Stored data Start Marker

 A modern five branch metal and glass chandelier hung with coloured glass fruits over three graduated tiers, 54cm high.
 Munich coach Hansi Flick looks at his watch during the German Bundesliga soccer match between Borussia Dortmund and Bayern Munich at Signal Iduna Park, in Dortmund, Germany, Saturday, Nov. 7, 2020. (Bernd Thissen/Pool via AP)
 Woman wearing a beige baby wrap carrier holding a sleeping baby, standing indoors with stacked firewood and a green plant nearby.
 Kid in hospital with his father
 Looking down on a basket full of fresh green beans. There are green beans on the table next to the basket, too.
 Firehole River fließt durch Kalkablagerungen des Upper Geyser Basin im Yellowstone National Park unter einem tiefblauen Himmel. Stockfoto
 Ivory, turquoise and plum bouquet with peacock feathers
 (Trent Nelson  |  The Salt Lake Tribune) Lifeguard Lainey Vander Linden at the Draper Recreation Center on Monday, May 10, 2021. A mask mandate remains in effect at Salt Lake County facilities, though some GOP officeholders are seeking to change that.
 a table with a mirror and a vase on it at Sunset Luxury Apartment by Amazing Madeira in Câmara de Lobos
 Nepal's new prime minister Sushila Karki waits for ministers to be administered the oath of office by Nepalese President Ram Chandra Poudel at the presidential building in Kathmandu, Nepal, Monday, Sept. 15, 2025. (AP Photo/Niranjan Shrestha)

Stored data End Marker

**Activity:**
What you copy should begin at the line with "Woman wearing a" and end at the final line of the listing, each line exactly as it is.

**Solved problem:**
 Woman wearing a beige baby wrap carrier holding a sleeping baby, standing indoors with stacked firewood and a green plant nearby.
 Kid in hospital with his father
 Looking down on a basket full of fresh green beans. There are green beans on the table next to the basket, too.
 Firehole River fließt durch Kalkablagerungen des Upper Geyser Basin im Yellowstone National Park unter einem tiefblauen Himmel. Stockfoto
 Ivory, turquoise and plum bouquet with peacock feathers
 (Trent Nelson  |  The Salt Lake Tribune) Lifeguard Lainey Vander Linden at the Draper Recreation Center on Monday, May 10, 2021. A mask mandate remains in effect at Salt Lake County facilities, though some GOP officeholders are seeking to change that.
 a table with a mirror and a vase on it at Sunset Luxury Apartment by Amazing Madeira in Câmara de Lobos
 Nepal's new prime minister Sushila Karki waits for ministers to be administered the oath of office by Nepalese President Ram Chandra Poudel at the presidential building in Kathmandu, Nepal, Monday, Sept. 15, 2025. (AP Photo/Niranjan Shrestha)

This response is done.